I fixed on Mrs. Stone. “It wouldn't hurt to have them nearby.”

“Not in this house.”

A woman in a bikini came into the breakfast room from the hall, and the discussion stopped. I'd seen her twice before, when she and David Stone almost ran me down as Eric Stone's car burned and when she introduced herself as Cassie Stone after drawing a heart in the steam I'd blown on a glass wall in the Stones' office suite. But I hadn't seen her like this. She filled every centimeter of the bikini and more.

“Good morning, Daddy,” she said to David Stone. She leaned over him farther than a daughter should lean over her father and kissed his cheek. Her bikinied hip brushed against me when she leaned.

Mrs. Stone spoke to her in the sweetest tone possible. “Cassie, would you please get the hell out of the breakfast room?”

Cassie gave her a wide-eyed look of mock surprise. “ 'Morning, Gram.” She tucked her thumbs under the back of her bikini bottom and smoothed down the fabric, then sashayed through the open door to the pool. We sat in silence and listened to her hum a little tune, then splash into the water.

“Do you have children, Mr. Kozmarski?” Mrs. Stone said.

My heart jolted. I thought about Jason waking up to the note I'd written and finding me gone. I thought about the story of William DuBuclet changing his life of violence to peace because his son, Anthony, had died. And me? I couldn't even get home to cook Jason breakfast. “No,” I said. “No kids.”

“Then you might be smarter than you look,” she said. She
sipped her coffee and added offhandedly, “The grandchildren are even worse. She's married three times already, and she's home again to her daddy and me.”

A loud sound came from the room leading into the breakfast nook. Eric and David Stone started to rise from their chairs but sat hard as Greg Samuelson and the maid stepped through the doorway. Samuelson held the barrel of my Glock to the woman's cheek, and they stumbled forward together, the maid's eyes wild with fear.

He pushed her away from him. There wasn't much in the push, but she tumbled onto the table.
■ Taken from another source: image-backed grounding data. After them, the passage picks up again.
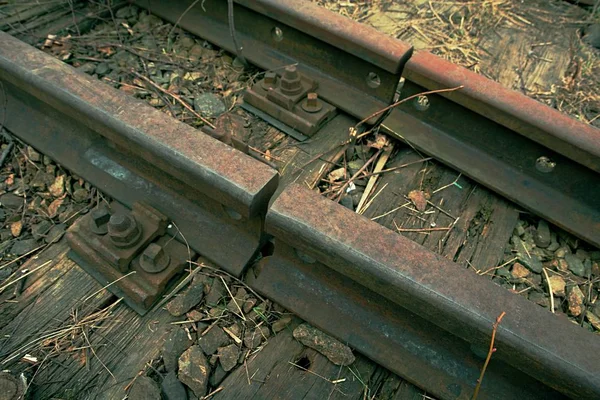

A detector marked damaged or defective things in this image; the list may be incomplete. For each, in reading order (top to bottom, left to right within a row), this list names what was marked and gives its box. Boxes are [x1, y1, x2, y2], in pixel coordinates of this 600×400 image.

rusty bolt [260, 72, 278, 91]
rusty bolt [278, 66, 302, 97]
rusty bolt [300, 93, 324, 113]
rusty steel rail [138, 0, 600, 248]
rusty bolt [88, 206, 110, 234]
rusty bolt [107, 212, 141, 247]
rusty bolt [139, 242, 170, 274]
Samuelson swung the gun side to side. David Stone leaned forward and looked ready to lunge from his chair. Samuelson's wife clung to Eric Stone's arm. Mrs. Stone watched with cold, closed lips.
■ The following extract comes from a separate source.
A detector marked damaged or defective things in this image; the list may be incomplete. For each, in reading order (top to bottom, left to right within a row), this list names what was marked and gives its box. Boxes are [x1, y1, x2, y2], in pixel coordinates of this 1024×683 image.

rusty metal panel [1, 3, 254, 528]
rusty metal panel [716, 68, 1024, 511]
Samuelson pointed the gun at Mrs. Stone. “Did—you—” He trembled.

Mrs. Stone interrupted him, her voice calm. “You'll get nothing by coming here.”

That made Samuelson tremble some more. “Did—”

David Stone started to make his move, but Samuelson swung the gun on him and Stone sank back in his chair.

“And—
you
—” The gun fired and a terrific explosion sounded through the room. The shot went high and punched a softball-sized hole in the wall. The blast pushed Samuelson backward, but he stayed on his feet, and when he found his balance he looked as surprised as everyone else. The gruesome half smile he'd given me in my office formed on his face again and he laughed. The laugh made his face tremble with pain. Then David Stone laughed, too, and he leaned forward in his chair and rocked onto his feet.

Samuelson stopped laughing. He pointed the gun at David
Stone's chest. Stone went pale and inched down into his chair but Samuelson kept the gun on him. His eyes, which had been glassy, were clear and full of hate. “Not—yet.” He caught his breath.

I figured the next one of us to move would take a bullet, but then Cassie Stone stepped into the doorway from the pool area. Her long hair fell in a twist behind her head. Water ran off her tanned skin. Her nipples protruded through her bikini top. She looked at the gun in the bloody man's hand and shook her head like she was disappointed.

She was the most amazing sight I could imagine on a cold October morning.

She stared at Samuelson and his gun, and a coy smile found her mouth. “Turn-ons?” she said, putting a finger to her lips. “Sunsets, sushi dinners, candlelight, sleepy-eyed men.” She stepped toward Samuelson, dripping on the tile floor. He watched her, transfixed. We all did. “Turnoffs?” She pointed the finger at Samuelson's chest. “Ghouls.”

She reached for him like she wanted to caress his groin. But instead she took the gun from his hand. The shock of her in a bikini seemed too much for him. She looked at the gun like it was a strange toy, turned it over and over in her hands, got bored of it, and dropped it on the breakfast table.

David Stone and I reached for it. He got there first. But I opened my palm to him.